=== Task item ===
Present the following entries again, word for word and in full.

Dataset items
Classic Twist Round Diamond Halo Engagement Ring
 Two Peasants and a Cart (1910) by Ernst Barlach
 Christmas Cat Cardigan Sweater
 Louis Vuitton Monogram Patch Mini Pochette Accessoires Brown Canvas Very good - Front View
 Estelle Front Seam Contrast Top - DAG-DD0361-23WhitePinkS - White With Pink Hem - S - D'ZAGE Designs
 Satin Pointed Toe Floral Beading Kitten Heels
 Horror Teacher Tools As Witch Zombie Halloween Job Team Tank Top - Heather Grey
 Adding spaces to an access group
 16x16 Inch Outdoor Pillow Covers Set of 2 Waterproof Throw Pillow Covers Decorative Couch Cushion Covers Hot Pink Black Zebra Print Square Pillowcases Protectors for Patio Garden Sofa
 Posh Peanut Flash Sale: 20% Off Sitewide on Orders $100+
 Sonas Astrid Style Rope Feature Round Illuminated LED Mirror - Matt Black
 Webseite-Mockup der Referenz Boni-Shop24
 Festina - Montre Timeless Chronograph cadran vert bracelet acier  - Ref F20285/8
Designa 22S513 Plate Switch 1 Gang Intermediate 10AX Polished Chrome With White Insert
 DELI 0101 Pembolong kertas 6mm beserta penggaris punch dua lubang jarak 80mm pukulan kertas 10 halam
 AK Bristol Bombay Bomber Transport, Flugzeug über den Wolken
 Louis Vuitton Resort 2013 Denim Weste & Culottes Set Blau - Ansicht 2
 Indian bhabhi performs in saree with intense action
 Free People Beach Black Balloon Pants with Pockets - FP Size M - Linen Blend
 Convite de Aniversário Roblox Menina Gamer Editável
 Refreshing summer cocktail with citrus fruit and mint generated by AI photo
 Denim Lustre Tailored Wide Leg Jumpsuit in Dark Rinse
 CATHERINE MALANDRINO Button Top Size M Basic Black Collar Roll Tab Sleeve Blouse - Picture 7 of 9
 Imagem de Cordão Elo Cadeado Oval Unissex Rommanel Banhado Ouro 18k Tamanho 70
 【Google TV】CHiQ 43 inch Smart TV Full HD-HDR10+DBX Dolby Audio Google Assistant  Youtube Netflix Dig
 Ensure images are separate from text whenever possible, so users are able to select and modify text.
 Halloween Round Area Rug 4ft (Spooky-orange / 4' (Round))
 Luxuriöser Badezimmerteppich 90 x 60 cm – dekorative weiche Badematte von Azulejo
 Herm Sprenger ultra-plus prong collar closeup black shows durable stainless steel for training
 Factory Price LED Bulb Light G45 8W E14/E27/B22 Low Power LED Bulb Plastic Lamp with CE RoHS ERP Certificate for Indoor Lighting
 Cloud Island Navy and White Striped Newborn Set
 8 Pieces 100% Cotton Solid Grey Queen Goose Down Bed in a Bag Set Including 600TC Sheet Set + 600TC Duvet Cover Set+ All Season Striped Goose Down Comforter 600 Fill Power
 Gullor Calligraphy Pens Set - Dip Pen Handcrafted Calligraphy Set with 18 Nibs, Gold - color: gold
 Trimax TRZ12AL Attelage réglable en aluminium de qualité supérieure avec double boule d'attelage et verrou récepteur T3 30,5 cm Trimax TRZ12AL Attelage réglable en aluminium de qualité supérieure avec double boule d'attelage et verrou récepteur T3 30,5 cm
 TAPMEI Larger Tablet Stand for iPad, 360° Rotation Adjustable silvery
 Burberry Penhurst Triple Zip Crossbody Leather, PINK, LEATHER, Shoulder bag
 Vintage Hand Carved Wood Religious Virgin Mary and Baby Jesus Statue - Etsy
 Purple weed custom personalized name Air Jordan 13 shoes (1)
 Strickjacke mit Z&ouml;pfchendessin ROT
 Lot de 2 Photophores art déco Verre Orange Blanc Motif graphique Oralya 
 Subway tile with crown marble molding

=== Written reply ===
Classic Twist Round Diamond Halo Engagement Ring
 Two Peasants and a Cart (1910) by Ernst Barlach
 Christmas Cat Cardigan Sweater
 Louis Vuitton Monogram Patch Mini Pochette Accessoires Brown Canvas Very good - Front View
 Estelle Front Seam Contrast Top - DAG-DD0361-23WhitePinkS - White With Pink Hem - S - D'ZAGE Designs
 Satin Pointed Toe Floral Beading Kitten Heels
 Horror Teacher Tools As Witch Zombie Halloween Job Team Tank Top - Heather Grey
 Adding spaces to an access group
 16x16 Inch Outdoor Pillow Covers Set of 2 Waterproof Throw Pillow Covers Decorative Couch Cushion Covers Hot Pink Black Zebra Print Square Pillowcases Protectors for Patio Garden Sofa
 Posh Peanut Flash Sale: 20% Off Sitewide on Orders $100+
 Sonas Astrid Style Rope Feature Round Illuminated LED Mirror - Matt Black
 Webseite-Mockup der Referenz Boni-Shop24
 Festina - Montre Timeless Chronograph cadran vert bracelet acier  - Ref F20285/8
Designa 22S513 Plate Switch 1 Gang Intermediate 10AX Polished Chrome With White Insert
 DELI 0101 Pembolong kertas 6mm beserta penggaris punch dua lubang jarak 80mm pukulan kertas 10 halam
 AK Bristol Bombay Bomber Transport, Flugzeug über den Wolken
 Louis Vuitton Resort 2013 Denim Weste & Culottes Set Blau - Ansicht 2
 Indian bhabhi performs in saree with intense action
 Free People Beach Black Balloon Pants with Pockets - FP Size M - Linen Blend
 Convite de Aniversário Roblox Menina Gamer Editável
 Refreshing summer cocktail with citrus fruit and mint generated by AI photo
 Denim Lustre Tailored Wide Leg Jumpsuit in Dark Rinse
 CATHERINE MALANDRINO Button Top Size M Basic Black Collar Roll Tab Sleeve Blouse - Picture 7 of 9
 Imagem de Cordão Elo Cadeado Oval Unissex Rommanel Banhado Ouro 18k Tamanho 70
 【Google TV】CHiQ 43 inch Smart TV Full HD-HDR10+DBX Dolby Audio Google Assistant  Youtube Netflix Dig
 Ensure images are separate from text whenever possible, so users are able to select and modify text.
 Halloween Round Area Rug 4ft (Spooky-orange / 4' (Round))
 Luxuriöser Badezimmerteppich 90 x 60 cm – dekorative weiche Badematte von Azulejo
 Herm Sprenger ultra-plus prong collar closeup black shows durable stainless steel for training
 Factory Price LED Bulb Light G45 8W E14/E27/B22 Low Power LED Bulb Plastic Lamp with CE RoHS ERP Certificate for Indoor Lighting
 Cloud Island Navy and White Striped Newborn Set
 8 Pieces 100% Cotton Solid Grey Queen Goose Down Bed in a Bag Set Including 600TC Sheet Set + 600TC Duvet Cover Set+ All Season Striped Goose Down Comforter 600 Fill Power
 Gullor Calligraphy Pens Set - Dip Pen Handcrafted Calligraphy Set with 18 Nibs, Gold - color: gold
 Trimax TRZ12AL Attelage réglable en aluminium de qualité supérieure avec double boule d'attelage et verrou récepteur T3 30,5 cm Trimax TRZ12AL Attelage réglable en aluminium de qualité supérieure avec double boule d'attelage et verrou récepteur T3 30,5 cm
 TAPMEI Larger Tablet Stand for iPad, 360° Rotation Adjustable silvery
 Burberry Penhurst Triple Zip Crossbody Leather, PINK, LEATHER, Shoulder bag
 Vintage Hand Carved Wood Religious Virgin Mary and Baby Jesus Statue - Etsy
 Purple weed custom personalized name Air Jordan 13 shoes (1)
 Strickjacke mit Z&ouml;pfchendessin ROT
 Lot de 2 Photophores art déco Verre Orange Blanc Motif graphique Oralya 
 Subway tile with crown marble molding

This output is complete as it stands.